IMO Practice Test — Circles
6 Questions • 15 min • Olympiad level
15:00
Question 1 of 6
hard
Two parallel chords of lengths 12 cm and 16 cm are drawn on opposite sides of the center of a circle of radius 10 cm. Find the distance between the two chords.
2 cm
14 cm
10 cm
12 cm
Explanation: Distances from center are $\sqrt{10^2-6^2}=8$ and $\sqrt{10^2-8^2}=6$. Opposites add up: 8 + 6 = 14 cm.
Question 2 of 6
hard
An angle subtended by an arc at the center of a circle is 130°. If a point P is chosen on the remaining major arc, what is the measure of the angle formed at P?
130°
260°
65°
50°
Explanation: The angle subtended by an arc at the center is exactly double the angle subtended at the rim.
Question 3 of 6
hard
ABCD is a cyclic quadrilateral.

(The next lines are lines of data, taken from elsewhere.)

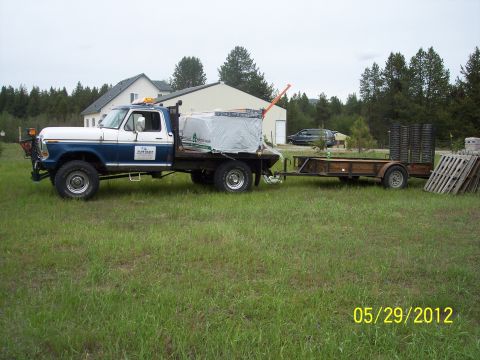 1973 Ford F-250 - This truck is hauling a trailer loaded with materials and equipment, parked on a grassy area.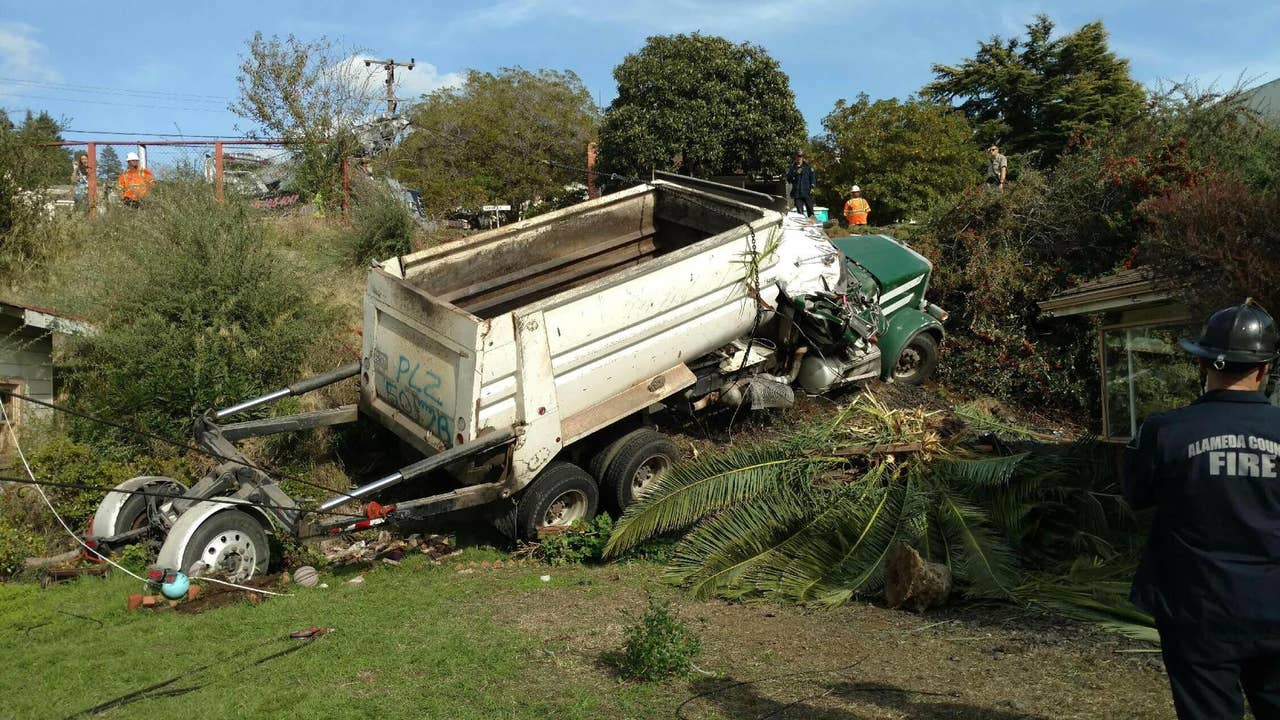 Dump truck slides into San Leandro home
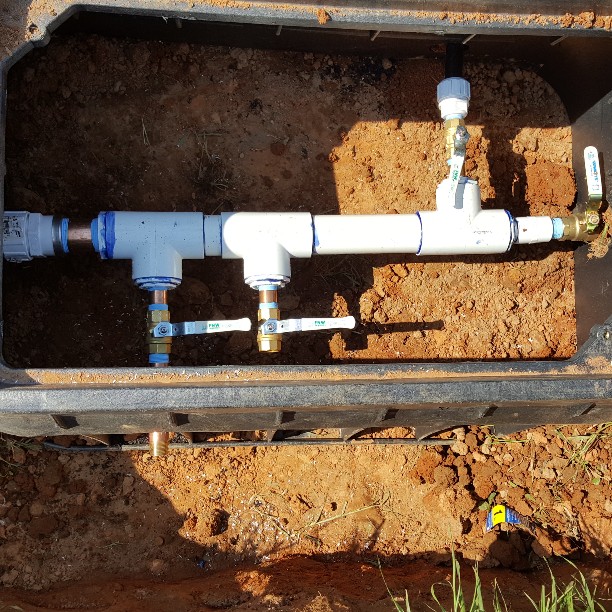 New multi valve water line. The valves on the bottom are for future options. the valve at the top is a yard hydrant. straight through for home.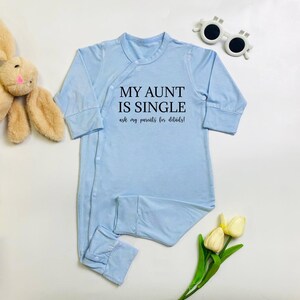 May include: A light blue baby onesie with the text "MY AUNT IS SINGLE ask my parents for details!". The onesie has long sleeves and snaps down the front. A plush bunny and sunglasses are also in the image.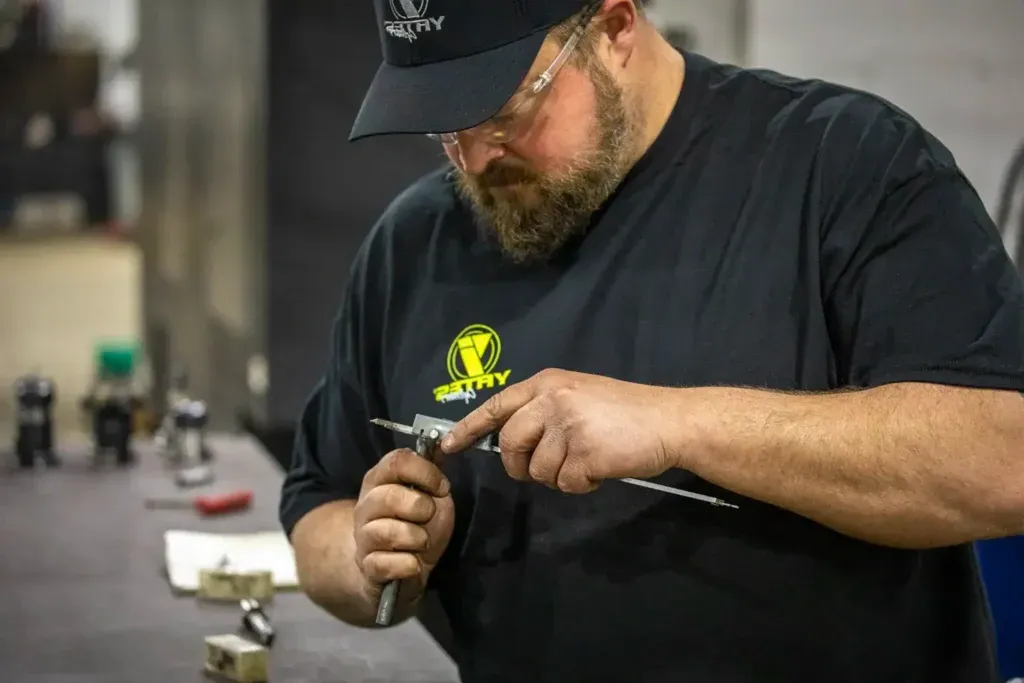 Man using tool for repairing cylinders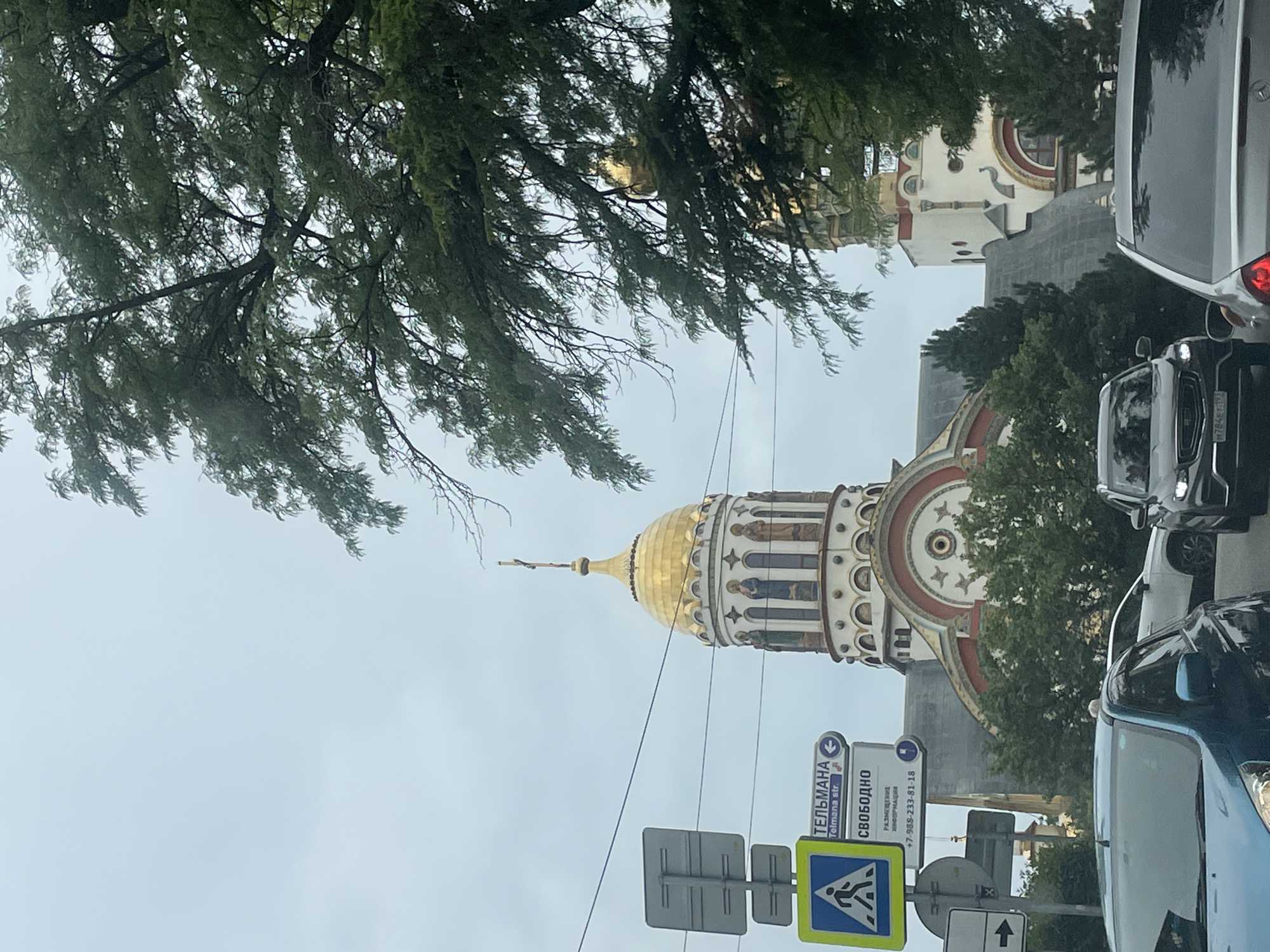 A golden-domed cathedral with white and red architectural elements stands behind a street scene with traffic and pedestrian signs. The cathedral features arched windows with figures depicted inside and a cross at its apex. In the foreground, several cars are visible, including a dark-colored SUV with a license plate and a silver sedan. A blue car is partially visible on the left. Pedestrian crossing and directional signs are mounted on poles. Dense green trees partially obscure the view of the cathedral and sky. The sky is overcast. The scene is likely on a cloudy day. This location is the Cathedral of the Archangel Michael in Sochi, Russia.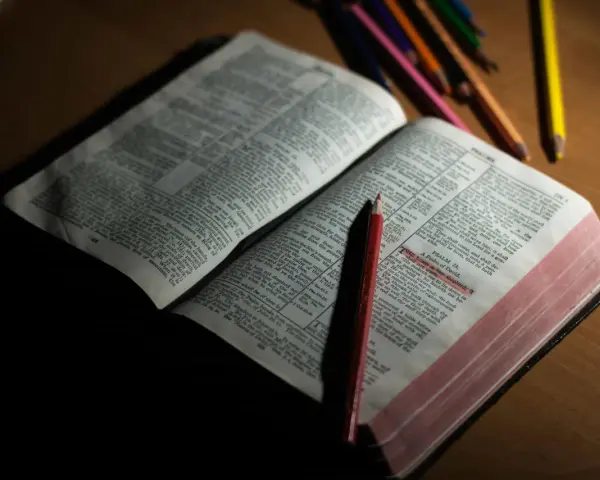 Otwarta Biblia z zaznaczonym fragmentem Psalmu 23. Obok leżą kolorowe kredki, sugerujące refleksję lub modlitwę do archanioła Uriel.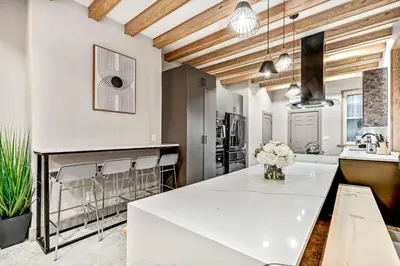 a kitchen with a large white table and chairs at Designer 5Bed - 4Bath Home in Old City A Plus Location in Philadelphia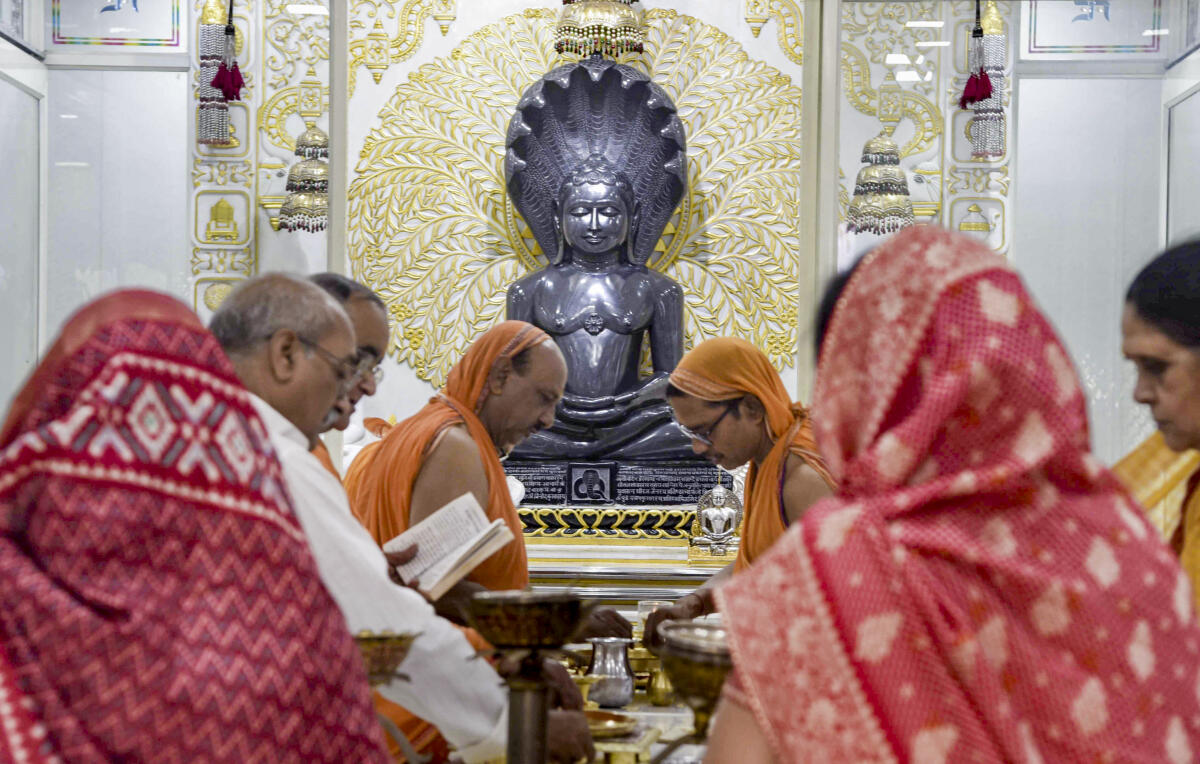 People offer prayers at a Jain temple on the occasion of Mahavir Jayanti, in Patna.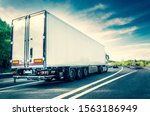 White truck on german highway with slight motion blur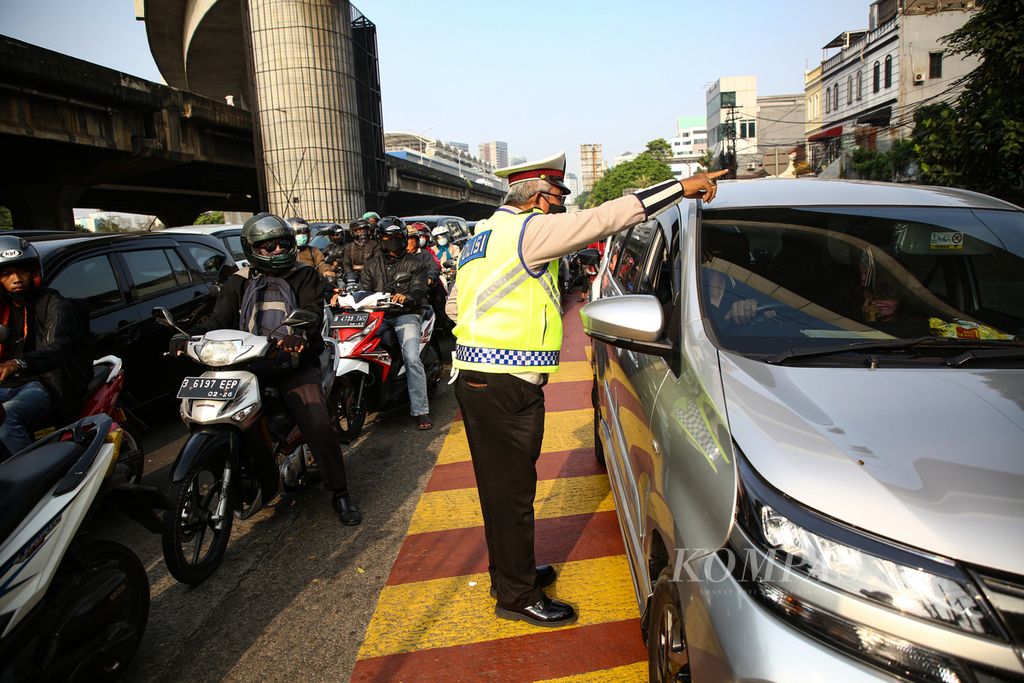 Petugas mengingatkan pengemudi kendaraan saat akan memasuki kawasan penerapan ganjil genap di Jalan Fatmawati, Jakarta Selatan, Senin (25/10/2021). 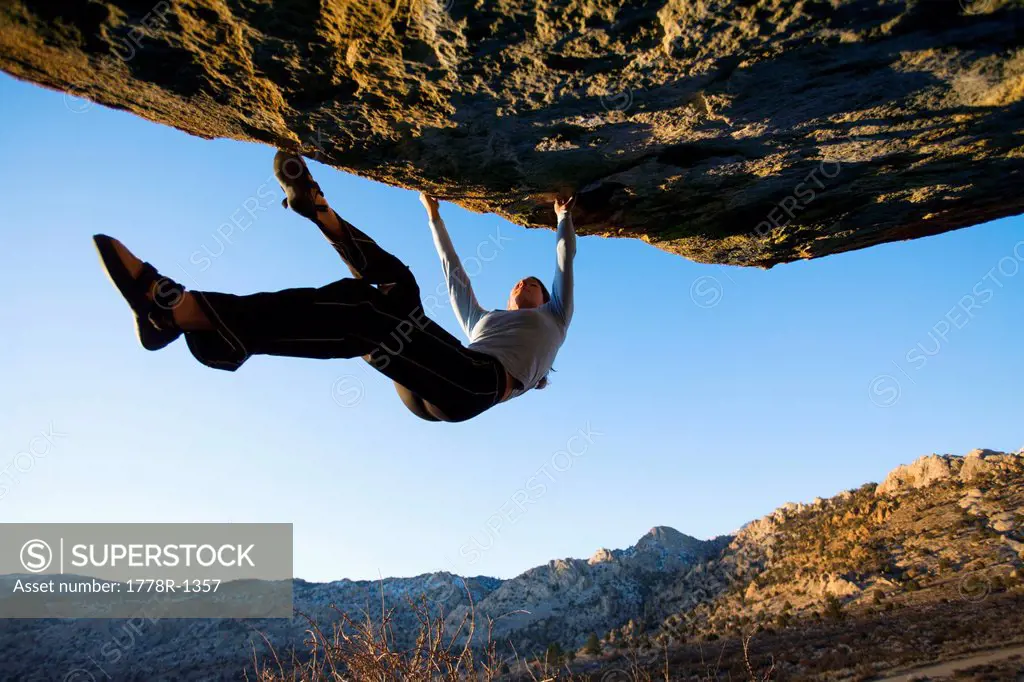 Woman bouldering on an overhang.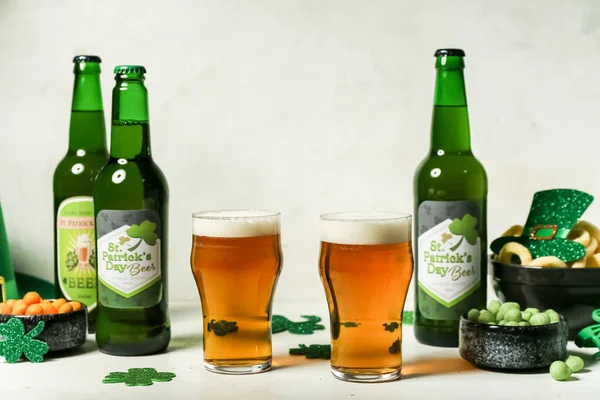 Glasses Bottles Beer Snacks Paper Clovers Light Background Patrick Day — Foto Stock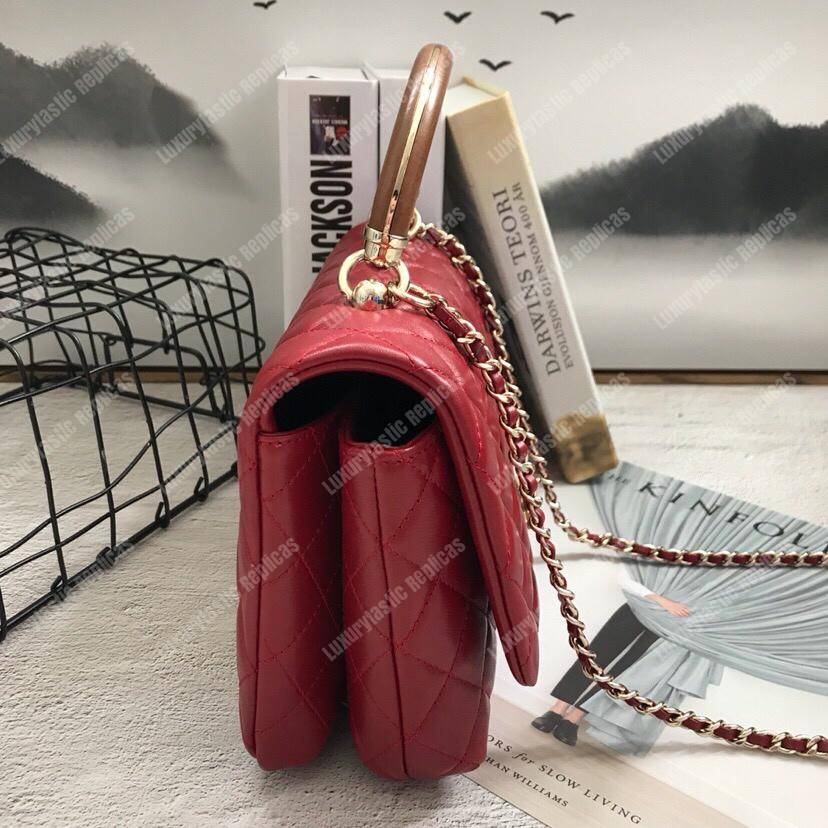 Ch*el flap bag with top handle red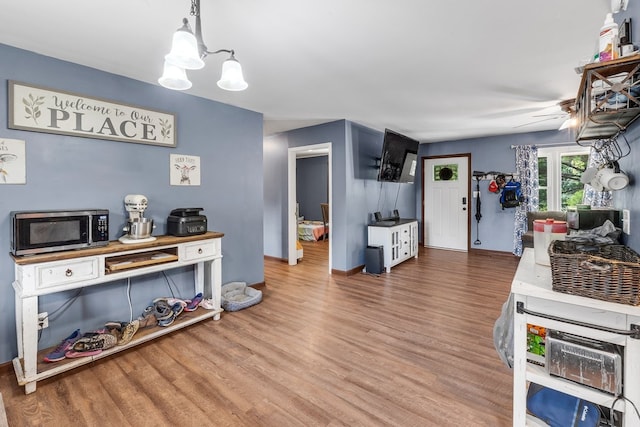 interior space featuring ceiling fan with notable chandelier and hardwood / wood-style flooring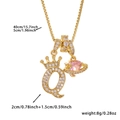 Detail of gold letter Q crown pendant with pink stone planet charm on a delicate chain - Gold Letter Q Style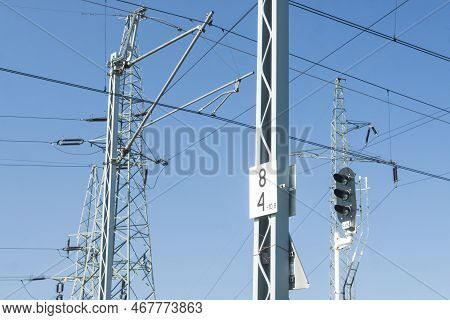 Rail Signal, Catenary Overhead Line, Power Transmission Line Tower Sunlit Against Blue Sky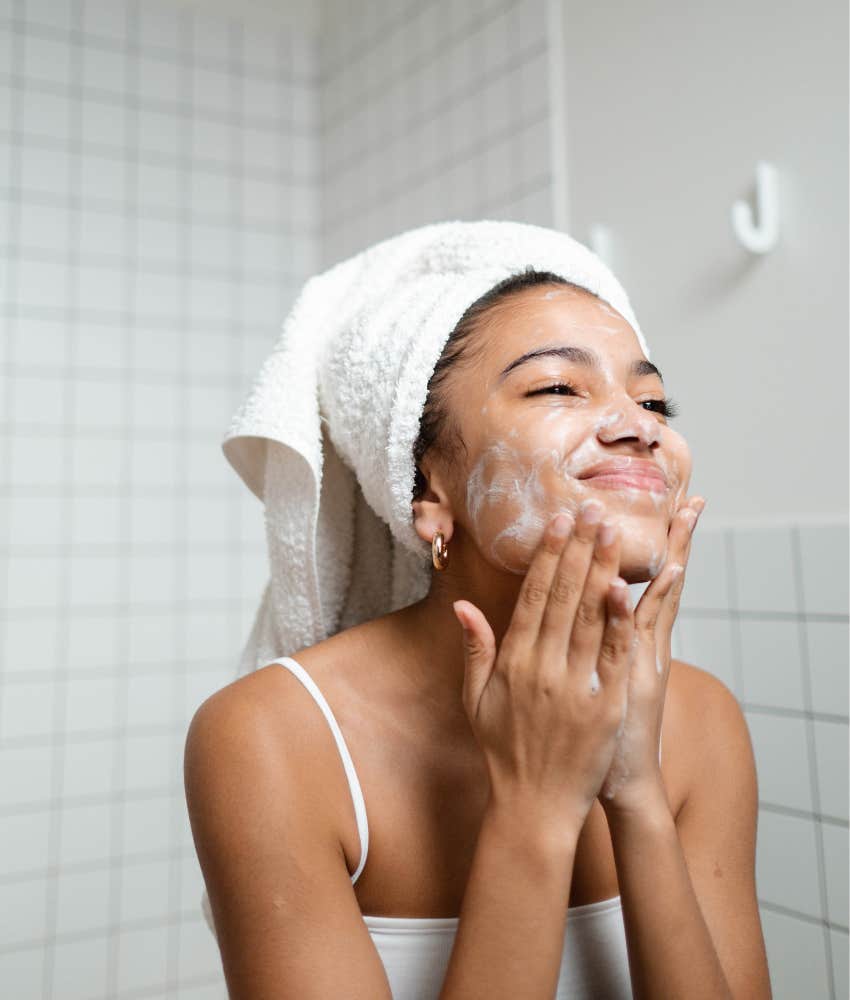 woman washing her face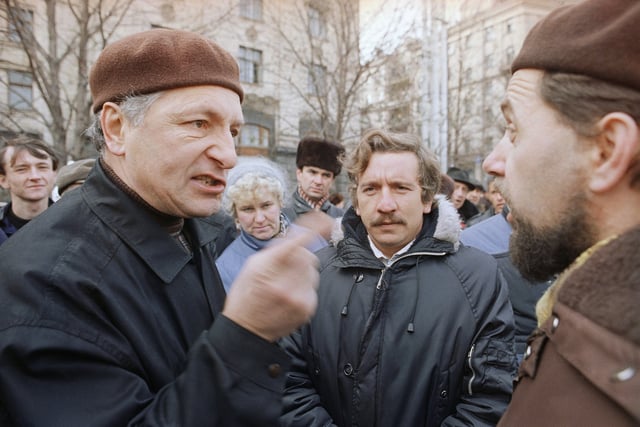 FILE - Two Ukrainians argue the merits of independence in Kyiv's central square, Dec. 2, 1991. (AP Photo/Liu Heung Shing, File)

If the internal bisectors of all four angles are drawn, they cross to form an inner quadrilateral PQRS. This new inner shape is always:
A rhombus
A rectangle
A cyclic quadrilateral
A trapezium
Explanation: Opposite angle sums of the newly formed intersection triangles prove they add up to 180°.
Question 4 of 6
hard
A chord of length $24\sqrt{2}$ cm is placed inside a circle. If the angle subtended by this chord at the center is a right angle (90°), calculate the radius of the circle.
12 cm
24 cm
48 cm
$12\sqrt{2}$ cm
Explanation: Using isosceles right triangle properties at the center: $r^2 + r^2 = (24\sqrt{2})^2 \rightarrow 2r^2 = 1152 \rightarrow r = 24$.
Question 5 of 6
hard
ABCD is a cyclic quadrilateral whose diagonals AC and BD intersect at a right angle (90°) at point P. If a perpendicular line is drawn from P to side BC and extended backwards to meet AD at M, then AM is:
Half of AD
Equal to MD
Double of MD
Perpendicular to AD
Explanation: Angle chasing reveals that triangle PMD and triangle PMA are isosceles, making M the midpoint.
Question 6 of 6
hard
Three friends are standing on a circular boundary ring of radius 5 m. Reshma throws a ball to Salma, Salma to Mandeep, and Mandeep to Reshma. If the distance between Reshma and Salma, and between Salma and Mandeep is 6 m each, find the distance between Reshma and Mandeep.
4.8 m
9.6 m
7.2 m
8.0 m
Explanation: Using area properties of the formed kite layout, half-chord height is 4.8 m, so full chord = 9.6 m.